However, the CNMV considers that, once Regulation 596/2014 on market abuse (MAR) entered into force, the Criteria are hardly compatible with such Regulation. Since transactions on treasury stock entail a risk for market integrity, the CNMV has decided to adopt a restrictive approach: from now on, only stabilisation transactions or buyback programs (considered safe harbours under MAR) are protected transactions against market abuse. In addition, transactions under liquidity contracts in conformity with CNMV Circular 1/2017 are accepted market practices that do not imply market manipulation either. Any other trading on treasury stock will be subject to the measures that may be adopted by the CNMV to verify compliance with the market abuse provisions under MAR.

This may have a serious impact on some extended market practices related to issuers’ own shares, in particular, derivatives or collaterals on treasury stock. This decision will apply to those transactions conducted after 13 January 2020. However, there will be some cases that may need to be carefully analysed, in particular, transactions executed in accordance with agreements entered into before 13 January 2020, where the Criteria were considered a standard for market abuse compliance, but whose trade execution will continue after the Criteria are no longer valid. In this sense it is advisable to review and adapt those agreements to include an appropriate risk assessment for this type of transactions.
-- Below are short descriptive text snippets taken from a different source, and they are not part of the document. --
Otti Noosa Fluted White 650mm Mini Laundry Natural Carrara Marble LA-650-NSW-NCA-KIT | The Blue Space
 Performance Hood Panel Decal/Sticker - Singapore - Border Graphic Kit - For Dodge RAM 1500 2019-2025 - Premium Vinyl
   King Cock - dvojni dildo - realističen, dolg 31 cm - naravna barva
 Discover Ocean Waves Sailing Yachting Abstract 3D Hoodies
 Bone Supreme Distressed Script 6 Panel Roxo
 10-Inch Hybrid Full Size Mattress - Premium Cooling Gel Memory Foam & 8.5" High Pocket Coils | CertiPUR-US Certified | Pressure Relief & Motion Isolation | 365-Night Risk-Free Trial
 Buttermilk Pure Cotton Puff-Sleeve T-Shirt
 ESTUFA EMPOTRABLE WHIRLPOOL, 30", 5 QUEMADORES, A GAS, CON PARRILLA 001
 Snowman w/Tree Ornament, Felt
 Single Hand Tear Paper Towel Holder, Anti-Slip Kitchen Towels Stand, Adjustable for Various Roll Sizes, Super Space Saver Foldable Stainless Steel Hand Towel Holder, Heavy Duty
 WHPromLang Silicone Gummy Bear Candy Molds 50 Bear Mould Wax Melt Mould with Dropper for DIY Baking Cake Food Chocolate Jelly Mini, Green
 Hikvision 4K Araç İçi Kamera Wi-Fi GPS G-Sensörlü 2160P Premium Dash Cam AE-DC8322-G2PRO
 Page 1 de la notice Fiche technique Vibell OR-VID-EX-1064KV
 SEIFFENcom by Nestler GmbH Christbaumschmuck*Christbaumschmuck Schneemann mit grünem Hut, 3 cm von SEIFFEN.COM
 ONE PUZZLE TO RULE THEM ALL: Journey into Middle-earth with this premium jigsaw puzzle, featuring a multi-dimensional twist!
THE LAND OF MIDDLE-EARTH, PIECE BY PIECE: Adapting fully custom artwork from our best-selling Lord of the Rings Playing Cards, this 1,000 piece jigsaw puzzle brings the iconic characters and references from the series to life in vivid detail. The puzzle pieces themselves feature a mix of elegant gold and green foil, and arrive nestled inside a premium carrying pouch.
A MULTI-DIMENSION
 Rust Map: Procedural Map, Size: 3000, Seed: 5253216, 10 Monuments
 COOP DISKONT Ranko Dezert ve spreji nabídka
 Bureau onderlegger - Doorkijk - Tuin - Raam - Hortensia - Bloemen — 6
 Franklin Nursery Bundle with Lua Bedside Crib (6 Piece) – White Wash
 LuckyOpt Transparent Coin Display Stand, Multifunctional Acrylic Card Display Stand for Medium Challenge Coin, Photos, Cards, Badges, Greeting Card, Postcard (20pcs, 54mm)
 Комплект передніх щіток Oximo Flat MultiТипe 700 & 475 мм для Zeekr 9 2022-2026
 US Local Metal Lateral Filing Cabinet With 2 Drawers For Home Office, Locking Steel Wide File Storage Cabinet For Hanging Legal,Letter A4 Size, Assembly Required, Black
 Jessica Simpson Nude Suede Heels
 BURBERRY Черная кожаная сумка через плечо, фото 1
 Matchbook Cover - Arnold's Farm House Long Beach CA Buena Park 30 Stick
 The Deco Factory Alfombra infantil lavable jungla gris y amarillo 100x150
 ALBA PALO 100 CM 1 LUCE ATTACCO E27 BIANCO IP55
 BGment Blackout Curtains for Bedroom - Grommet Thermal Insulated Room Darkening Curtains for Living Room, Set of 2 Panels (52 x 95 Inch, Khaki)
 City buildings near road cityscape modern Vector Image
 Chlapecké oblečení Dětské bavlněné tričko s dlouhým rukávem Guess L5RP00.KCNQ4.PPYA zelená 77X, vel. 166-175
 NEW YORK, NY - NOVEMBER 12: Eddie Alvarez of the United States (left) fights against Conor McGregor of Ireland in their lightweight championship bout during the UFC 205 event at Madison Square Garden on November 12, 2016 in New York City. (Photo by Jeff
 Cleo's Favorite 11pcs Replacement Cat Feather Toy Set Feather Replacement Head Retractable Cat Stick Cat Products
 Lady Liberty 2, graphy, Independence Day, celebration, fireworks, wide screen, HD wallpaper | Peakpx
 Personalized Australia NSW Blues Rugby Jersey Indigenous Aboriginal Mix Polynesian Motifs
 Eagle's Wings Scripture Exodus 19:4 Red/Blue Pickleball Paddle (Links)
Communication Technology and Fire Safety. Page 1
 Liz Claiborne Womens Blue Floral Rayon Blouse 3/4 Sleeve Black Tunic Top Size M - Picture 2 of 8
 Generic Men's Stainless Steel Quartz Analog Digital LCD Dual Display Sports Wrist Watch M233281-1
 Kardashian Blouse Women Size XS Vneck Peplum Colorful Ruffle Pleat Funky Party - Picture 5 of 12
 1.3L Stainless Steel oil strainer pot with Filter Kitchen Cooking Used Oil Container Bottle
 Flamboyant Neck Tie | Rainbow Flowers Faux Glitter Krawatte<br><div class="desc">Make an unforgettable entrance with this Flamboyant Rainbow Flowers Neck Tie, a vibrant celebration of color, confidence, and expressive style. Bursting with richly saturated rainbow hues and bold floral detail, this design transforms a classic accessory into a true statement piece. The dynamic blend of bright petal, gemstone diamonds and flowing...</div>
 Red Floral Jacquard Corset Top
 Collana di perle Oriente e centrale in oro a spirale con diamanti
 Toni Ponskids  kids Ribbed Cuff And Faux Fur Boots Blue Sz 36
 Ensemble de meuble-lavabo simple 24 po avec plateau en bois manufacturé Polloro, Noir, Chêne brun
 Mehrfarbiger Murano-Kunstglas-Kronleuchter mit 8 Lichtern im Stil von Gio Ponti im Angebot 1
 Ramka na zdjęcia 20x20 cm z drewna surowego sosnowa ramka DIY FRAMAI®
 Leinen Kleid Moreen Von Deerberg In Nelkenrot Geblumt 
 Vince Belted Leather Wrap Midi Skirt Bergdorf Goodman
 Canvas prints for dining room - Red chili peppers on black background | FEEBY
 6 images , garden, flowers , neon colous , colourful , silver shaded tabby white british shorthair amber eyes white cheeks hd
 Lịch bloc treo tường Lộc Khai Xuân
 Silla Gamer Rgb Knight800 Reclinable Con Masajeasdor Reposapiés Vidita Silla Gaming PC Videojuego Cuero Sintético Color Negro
In any case, discretionary trading on treasury stock is not forbidden although transactions will be subject to a more intense scrutiny by the Spanish regulator in order to detect any indicator of market manipulation or insider dealing. Flagging market manipulation indicators, in accordance with the manipulative behaviours specified under MAR (art. 12), along with, for example, the implementation of black-out periods for the execution of orders over treasury stock could be relevant precautionary measures to adopt for this kind of transactions.